Content-Disposition: inline
In-Reply-To: <>
User-Agent: Mutt/1.5.17 (2007-11-01)
Archived-At: <>
Cc: Bruce James Fields <>, Christoph Hellwig <>, IETF NFSv4 WG Mailing List <>
Subject: Re: [nfsv4] RFC 7530: Filehandle of opened file after the REMOVE
X-Mailman-Version: 2.1.17
Precedence: list
List-Id: NFSv4 Working Group <>
List-Unsubscribe: <>, <>
List-Archive: <>
List-Post: <>
List-Help: <>
List-Subscribe: <>, <>
X-List-Received-Date: Sun, 01 Jan 2017 13:48:50 -0000

On Sun, Jan 01, 2017 at 08:13:55AM -0500, David Noveck wrote:
> You need to delay the deletion until after the grace period is over.  There
> may be technical issues with this but the biggest hurdle may may be
> architectural/political.  I expect that people involved in file system
> recovery may have trouble with the idea that the NFS server is telling them
> when they can and cannot do various pieces of file system recovery.
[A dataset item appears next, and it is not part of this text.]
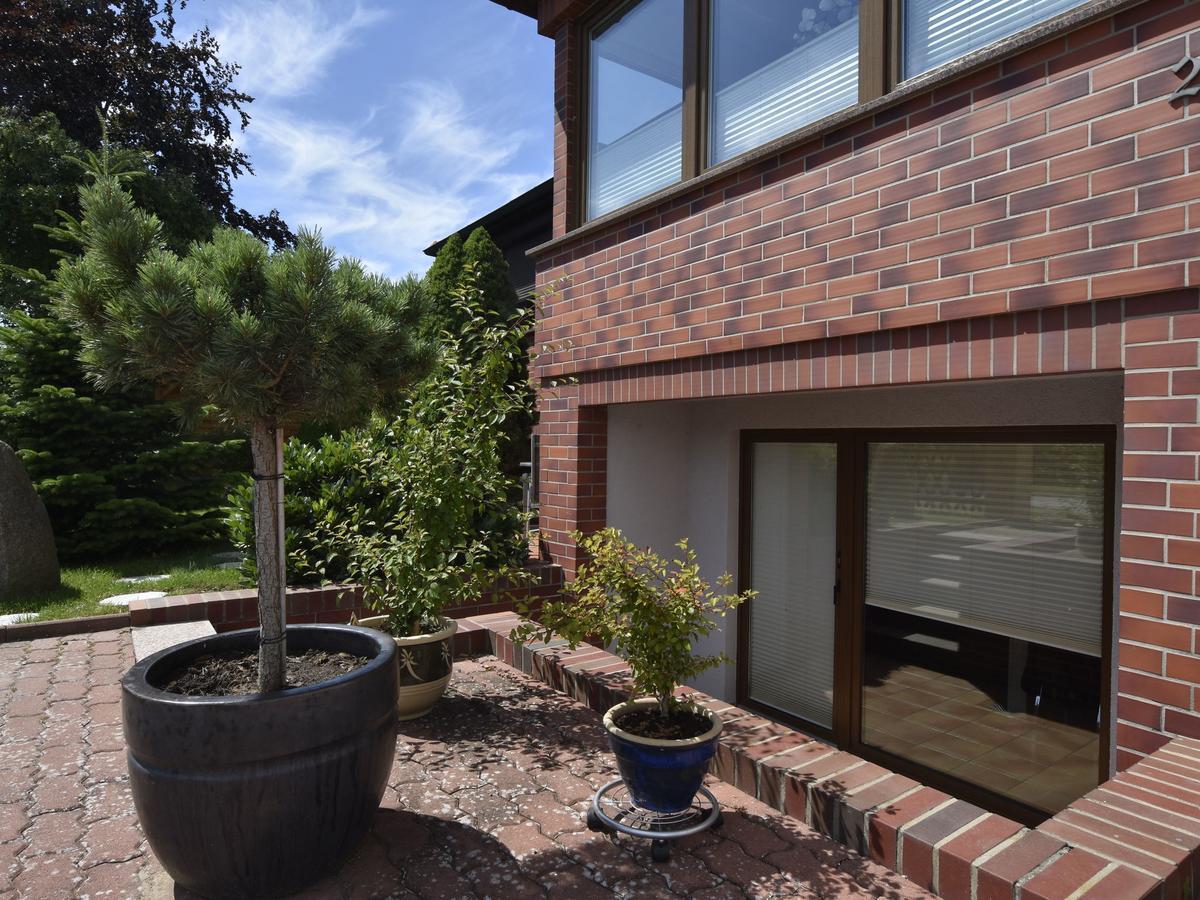 Modern Apartment In Kroepelin With Garden 外观 照片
Wearing my local fs hat the only issue I have is that I'd like to avoid
the case where people accidentally configure their fs to never reclaim
the unlinked but open inodes after a crash.
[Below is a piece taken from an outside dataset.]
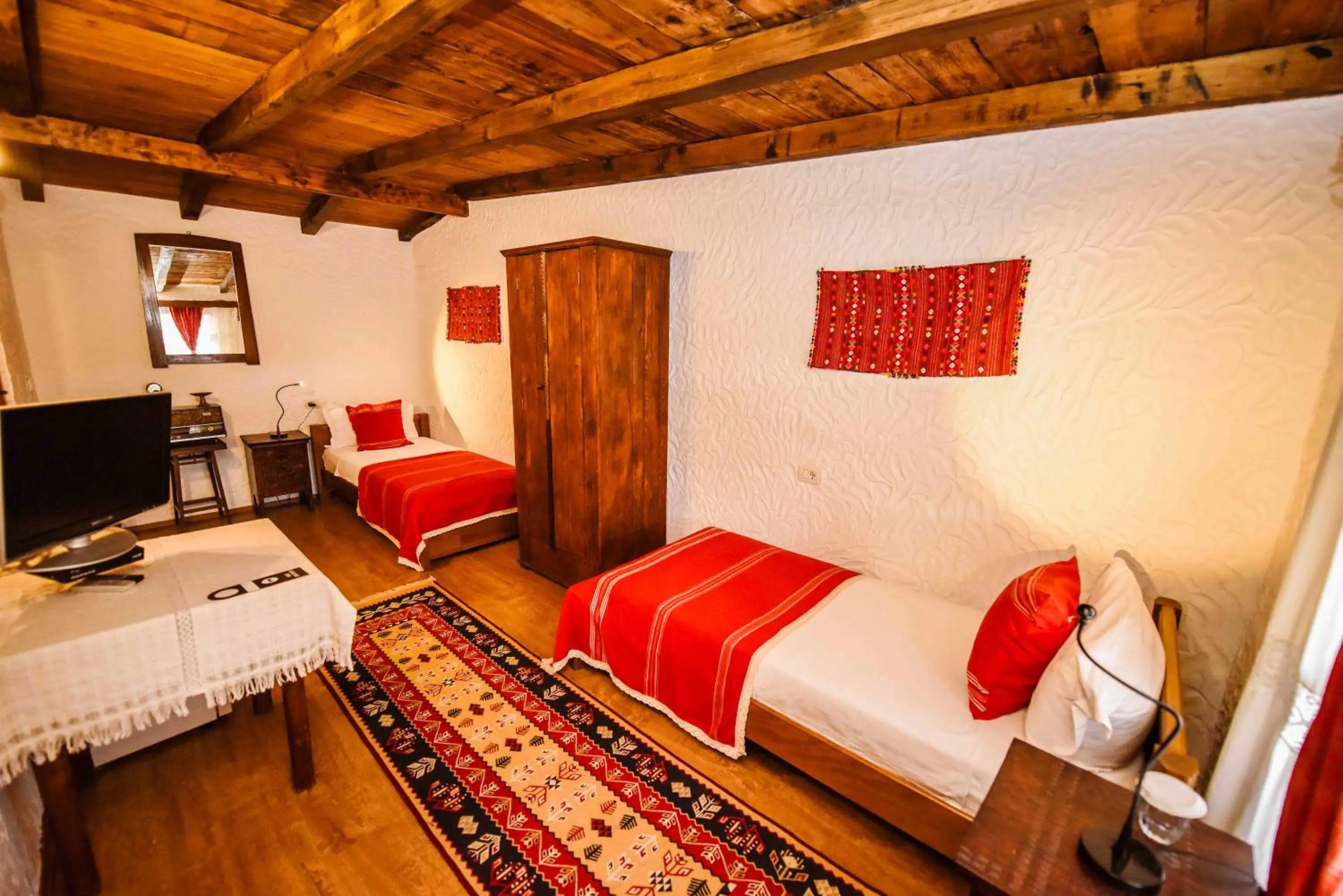 Twin Room in Hotel Tradita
> It might be more possible to ask them to complete recovery but move the
> unlinked inodes to a directory like /unlinked-inodes and consider the
> recovery complete before NFS actually runs.  If that is OK, and I believe
> it is, the result would be almost the same as the NFS server moving the
> file to that directory in the first place, using a server-based silly
> rename.

For the classis text book case of file systems with intent log this
doesn't make sense.  Open but unlinked inodes are only tracked in the
unlinked inode list, but do not have a name attached to them any more.
So we'd have to do a lot of effort to move it into a directory using
synthetic names while we already have a better data structure built
for exactly this use case.  We'll just need to delay the action performed
on it a little bit.  And that actions is really trivial - basically the
inodes is read into memory and then released again to execute the same
code we'd execute after dropping the last reference to an open but
unlinked inode.

> > It's a major pain for getting sensible semantics out of NFS.
> Please elaborate.  Would a server-based silly rename allow the sensible
> semantics you are looking for?

After delving so much into internals above I'll switch to my protocol
developers hereand say: we should only specify the on the wire semantics,
how it's implemented on the server is not our business.
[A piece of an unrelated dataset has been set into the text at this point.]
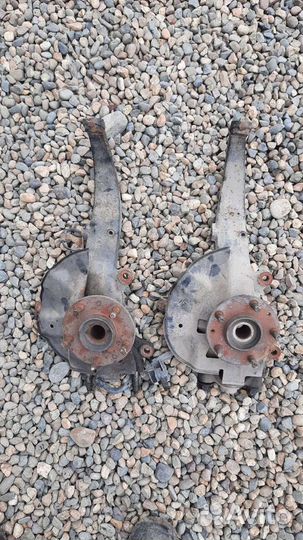 Правый Поворотный кулак Мазда 6 gh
A NFS server that moves all files that are unlinked but open by a client
(note that this might be a problem for local opens or unlinks not going
through the nfs server) could provide semantics very close to the real
thing, but it would have to be creative about adjusting the link counts
sent to the client.

With my experience in local file systems and nfs servers I'd say it's much
simpler to let the file system do the hard work and let the NFS server
delay reclaiming of unlinked inodes after a crash in some way.